**What the exercise asks**
Should pictures appear among the records, leave them out, and copy exactly only the lines from the first through the one with "Asymmetrical Junior Bridesmaid", inclusive.

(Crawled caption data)
------------------------

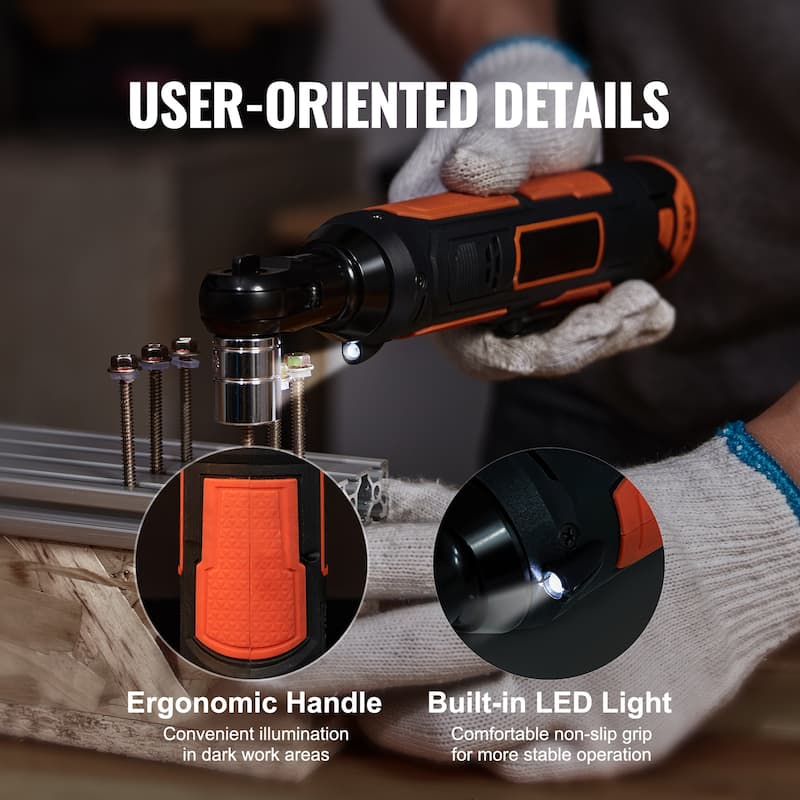 UIMOSO 3/8" Cordless Electric Ratchet Wrench Set, 12V 33 Ft-lbs Power Ratchet Tool Kit, 45-Min Fast Charge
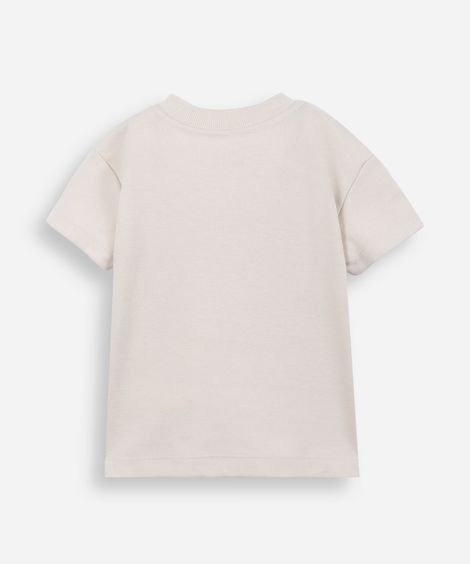camiseta infantil manga curta bege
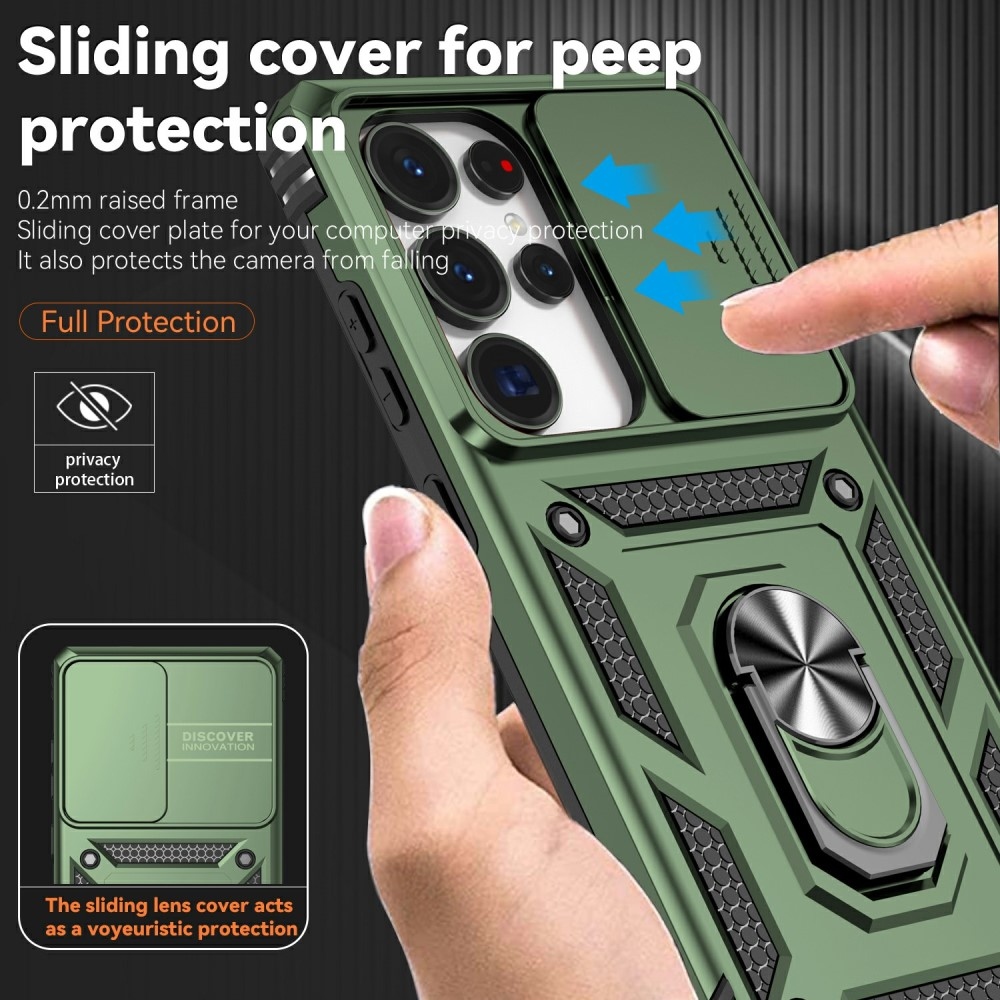 Gyűrűálló borítás Samsung Galaxy S25 Ultra készülékhez - zöld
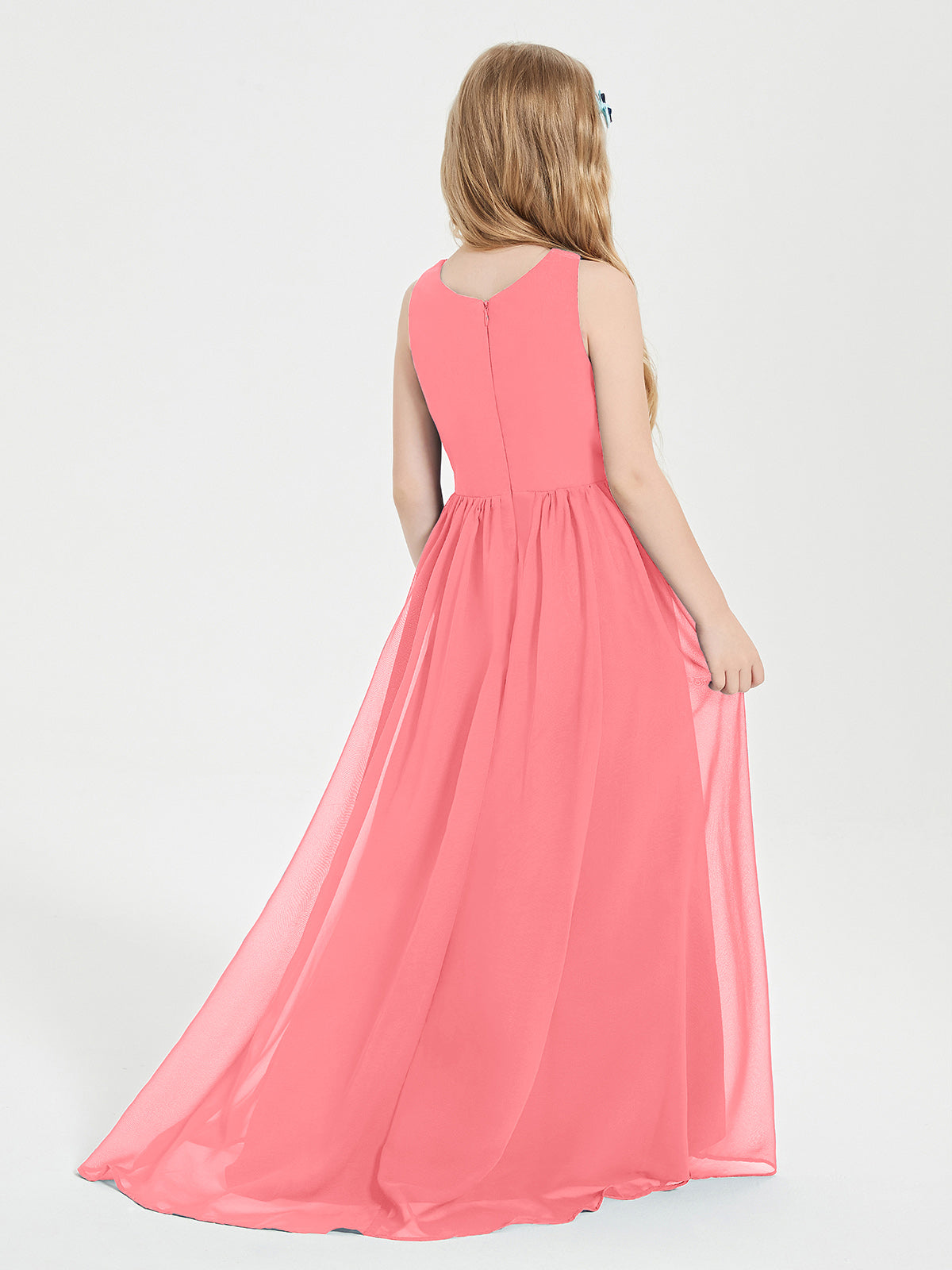 Asymmetrical Junior Bridesmaid Dresses with Scoop Neckline Watermelon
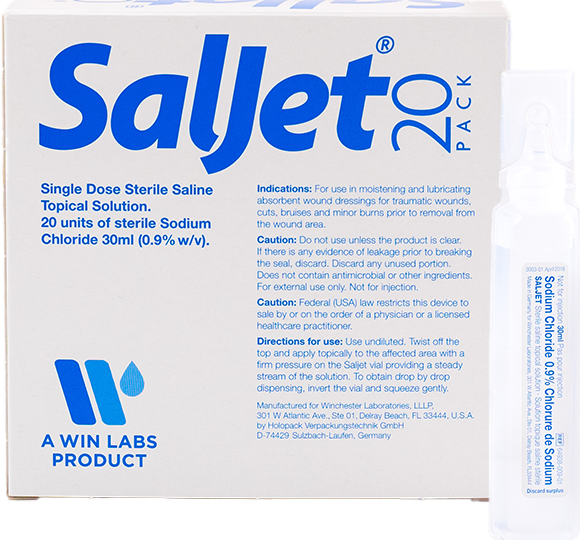 Saljet Sterile Saline Topical Solution, 0.9%, 30 mL, Box of 20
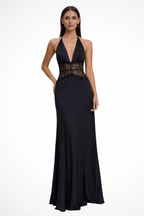 Ines | Women Halter Neck Backless Maxi Wedding Guest Dress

------------------------

**Answer box**
 UIMOSO 3/8" Cordless Electric Ratchet Wrench Set, 12V 33 Ft-lbs Power Ratchet Tool Kit, 45-Min Fast Charge
camiseta infantil manga curta bege
 Gyűrűálló borítás Samsung Galaxy S25 Ultra készülékhez - zöld
 Asymmetrical Junior Bridesmaid Dresses with Scoop Neckline Watermelon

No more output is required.